Das schwedische Modell

Johannes Vogel, FDP-Vizevorsitzender und Erster Parlamentarischer Geschäftsführer seiner Fraktion, schrieb schon 2021 in einem Papier, es brauche eine „gesetzliche Aktienrente nach schwedischem Vorbild“. Schweden und Norwegen haben kapitalmarktgedeckte Renten eingeführt. Die FDP findet, Deutschland brauche das auch. Doch was plant die Ampel (laut Vogel eine „historische Weichenstellung“), und warum ist das laut FDP trotzdem nicht genug, um dem „schwedischen Vorbild“ gerecht zu werden?

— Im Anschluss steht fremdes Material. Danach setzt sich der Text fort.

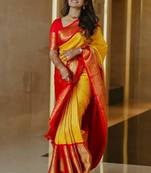 Zari art silk kanjeevaram saree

Das Generationenkapital, Teil des Rentenpakets II der Ampel, ist die neue kapitalgedeckte Säule für das deutsche Rentensystem. Dabei soll der Staat zunächst Kredite aufnehmen, um sie dann am Kapitalmarkt anzulegen. Das geliehene Geld wird nicht ausgegeben, daher wird die Schuldenbremse eingehalten. Am Ende sollen rund 200 Milliarden Euro zusammenkommen, die Erträge sollen in erster Linie die Steigerung des Beitragssatzes abschwächen. Einsteigen will die Regierung mit 12 Milliarden Euro.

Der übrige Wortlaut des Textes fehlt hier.